No matter how hard we try, life never works out quite perfectly. And it’s in the complex and often chaotic world of K-12 education where this might be most obvious. I spent twenty years of my own life teaching high school and I can tell you it’s hard to get right.
One narrative heard often from inside the education industry blames all problems on lack of sufficient funding. On average, as it turns out, governments in developed nations already spend more than 22% of their gross domestic product (GDP) on their children’s education.
My gut tells me that the sudden introduction of unlimited funding might not live up to expectations. But no one should rely on my gut feelings. In fact, as my own data analytics project has taught me, there’s so much rich data freely available out there that there’s no need to rely on anyone’s gut feelings. Instead, I’m going to use some publicly available data from the US and around the world to see if it can’t give us a glimpse of what works and what doesn’t.

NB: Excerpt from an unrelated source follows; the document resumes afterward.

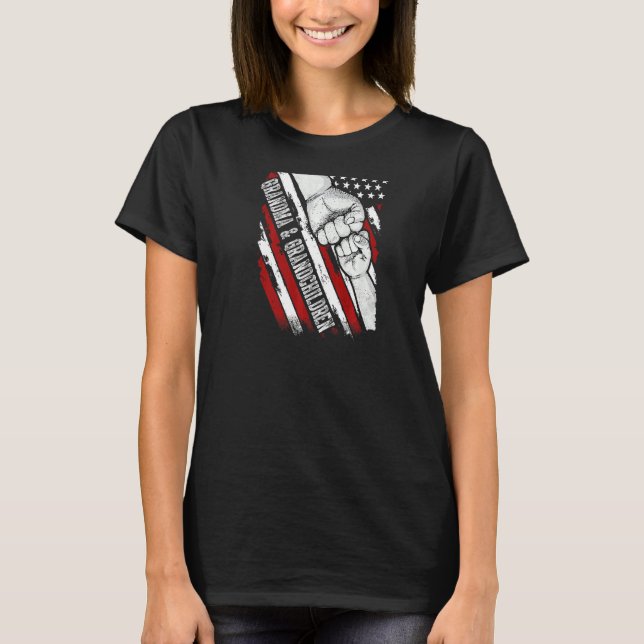 Camiseta Abuelos Abuelos Bandera De Estados Unidos Inquebra (Anverso)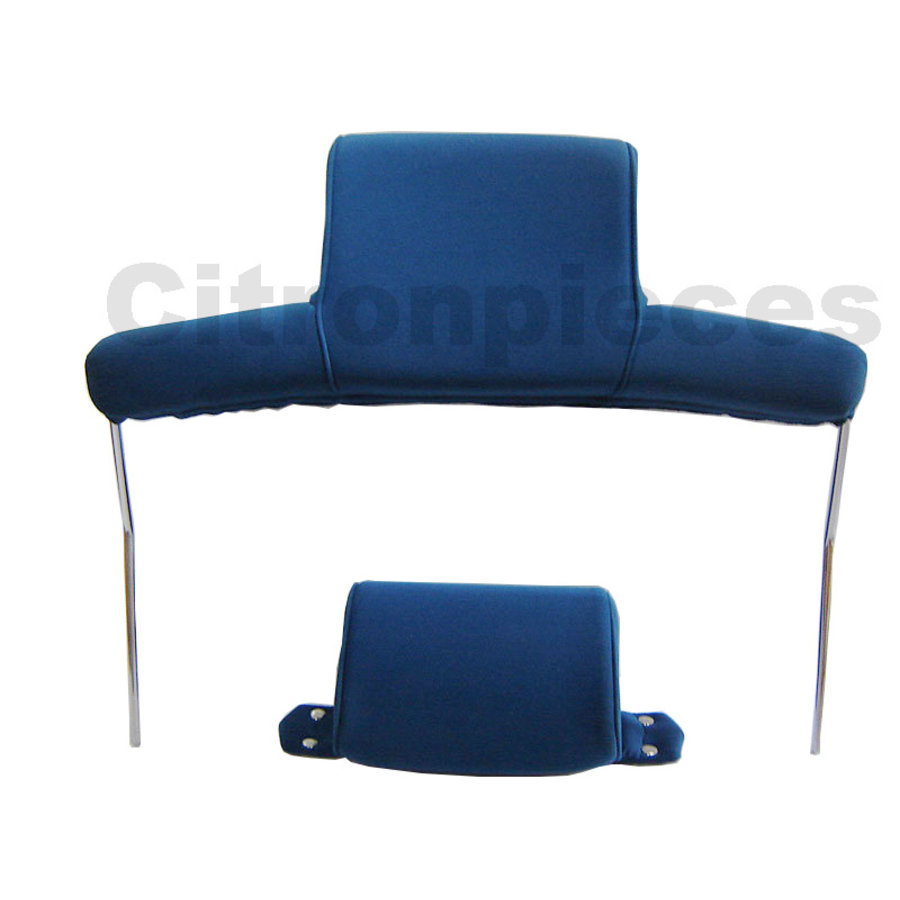 Head rest with blue cloth trimming wide model 2 pieces Citroën ID/DS-1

Of course, I can’t guarantee that my interpretations of that data are objectively correct. Just because there seem to be striking relationships between data points doesn’t itself prove the truth of a given insight. Correlation, as you’ve no doubt heard, isn’t the same as causation. But an unproven insight that’s nevertheless compelling sure beats complete ignorance.
At any rate, as we’ll soon see, it turns out that the actual amount that’s spent matters less than how it’s spent. But I’m getting way ahead of myself.
Choosing metrics
Before looking for the right data to illuminate a topic, you need clear target metrics. In our case, what kind of data is likely to best represent student outcomes and government school funding levels? Once we’re clear about what we’re looking for we can head out to see if such data is available.
Measuring outcomes
What best describes “success” in the context of education?
I don’t think employment or income rates – even when focused on recent graduates – are useful: there are simply too many other macroeconomic and social factors at play. So attributing employment and income trends to any one particular educational funding variable would be nearly impossible.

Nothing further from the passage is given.